TASK PROMPT: Copy out exactly the lines spanning the line with "Calamita con spillone" to the line with "Trade Winds Restaurant & Guesthouse", inclusive, from the data underneath, with no pictures.

ENTRIES PROVIDED:

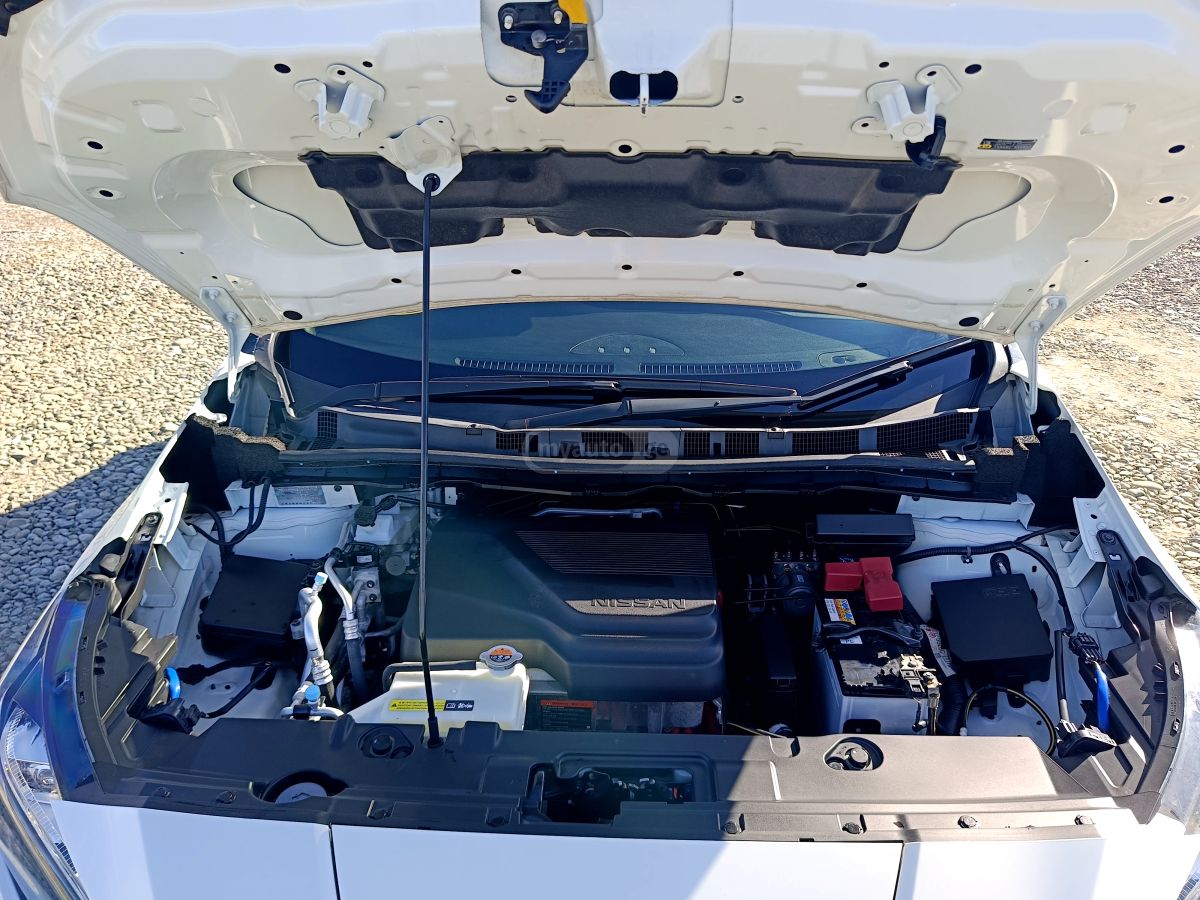 Nissan Leaf - фото 12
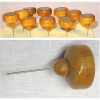 Calamita con spillone in legno laccato - immagine 3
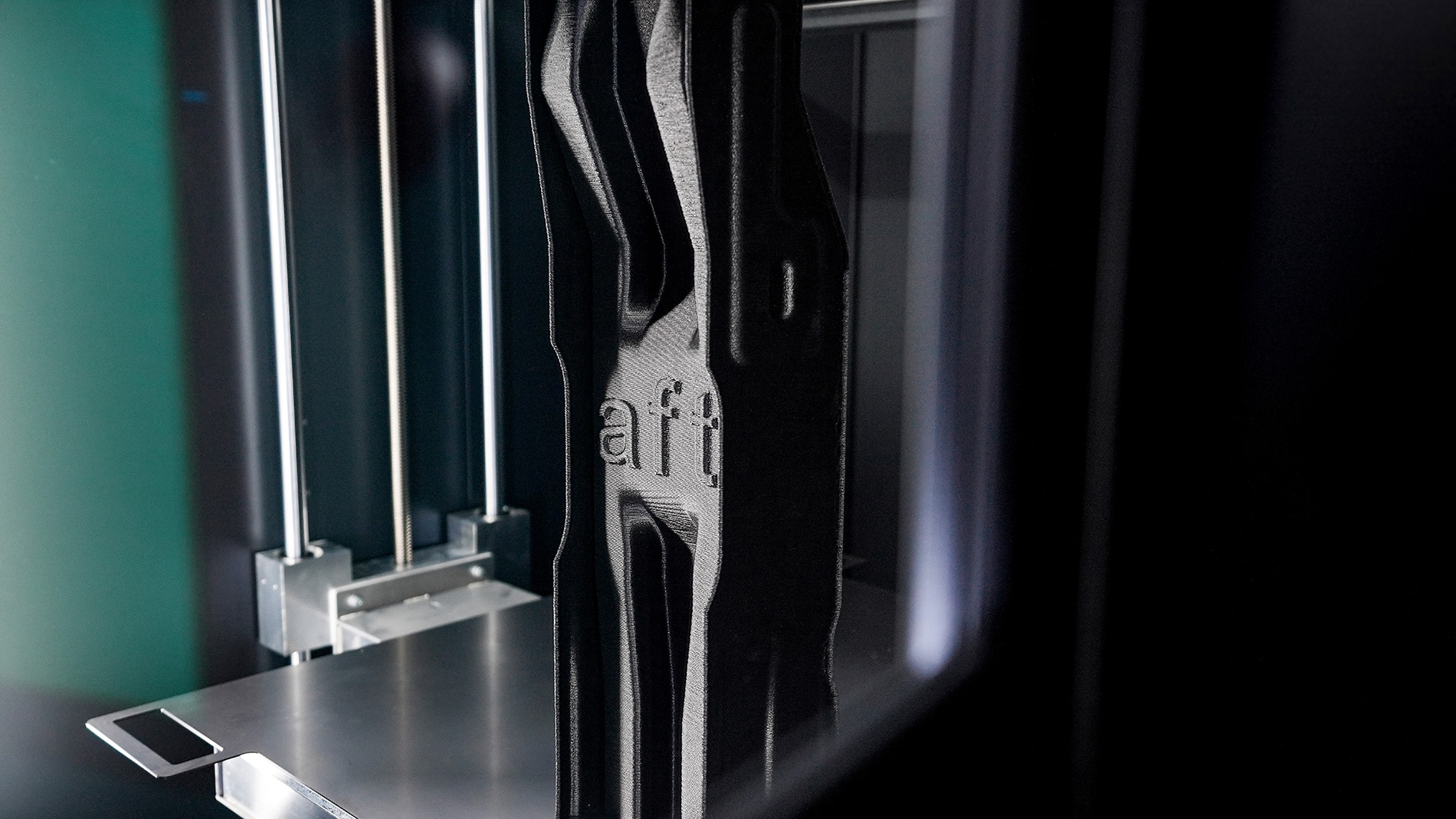 A pellet 3D printing system was developed to 3D-print a metre-high structural component for the Tier 1 supplier AFT Automotive. Image: Liqtra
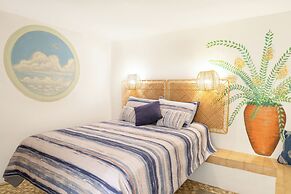 Trade Winds Restaurant & Guesthouse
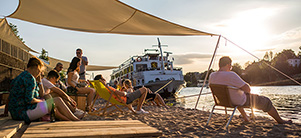 People relaxing on the Neckarlauer (Photo: Dittmer)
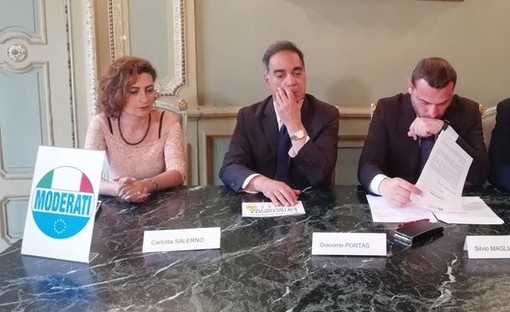 Elezioni, strappo dei Moderati dopo la diffusione delle liste del PD: "Dopo 18 anni finisce l'alleanza" Elezioni, strappo dei Moderati dopo la diffusione delle liste del PD: "Dopo 18 anni finisce l'alleanza"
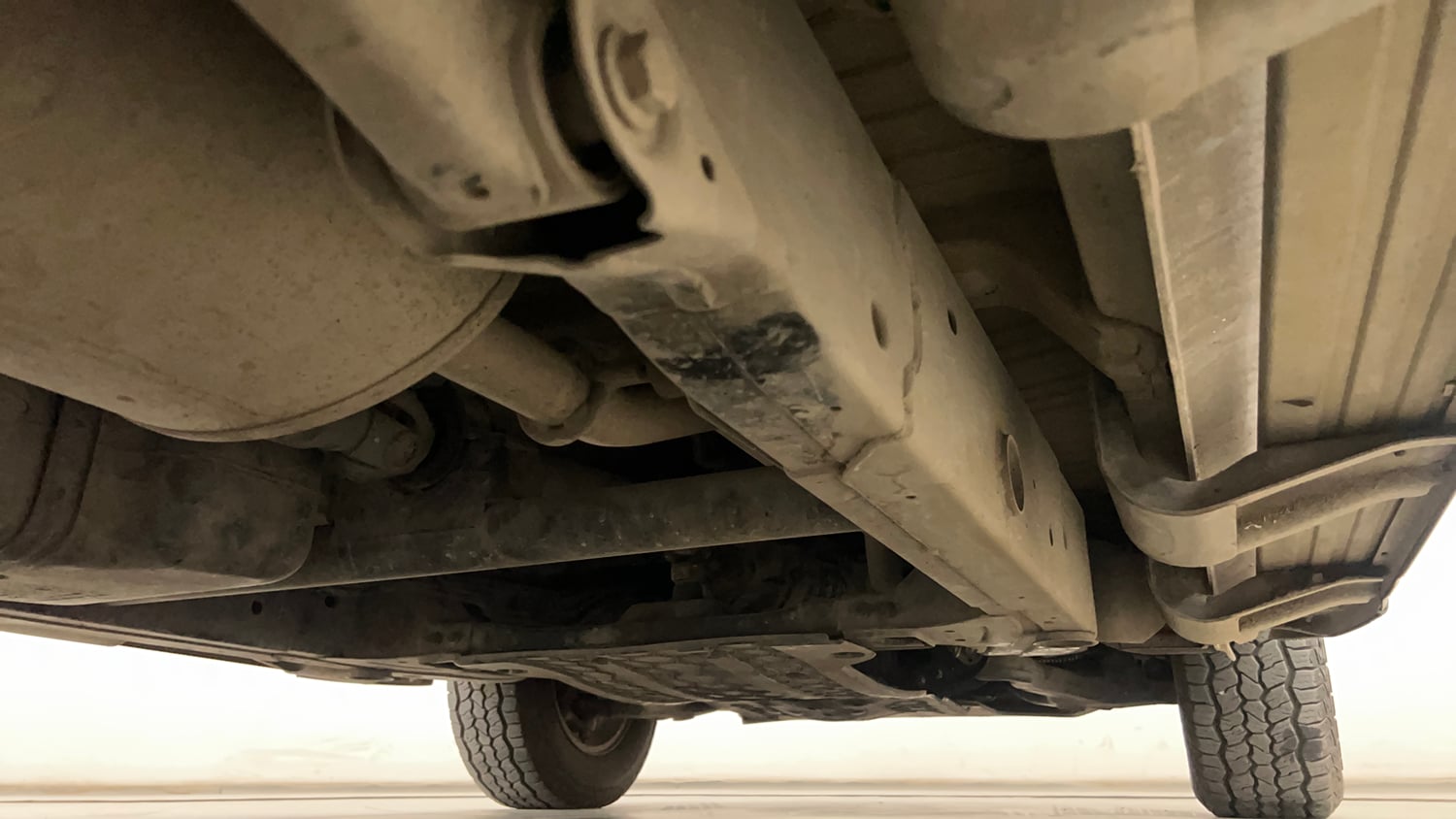 Used 2016 Mahindra TUV300 T8 Diesel Manual extra REAR RIGHT UNDERBODY VIEW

SOLVED PROBLEM:
 Calamita con spillone in legno laccato - immagine 3
 A pellet 3D printing system was developed to 3D-print a metre-high structural component for the Tier 1 supplier AFT Automotive. Image: Liqtra
 Trade Winds Restaurant & Guesthouse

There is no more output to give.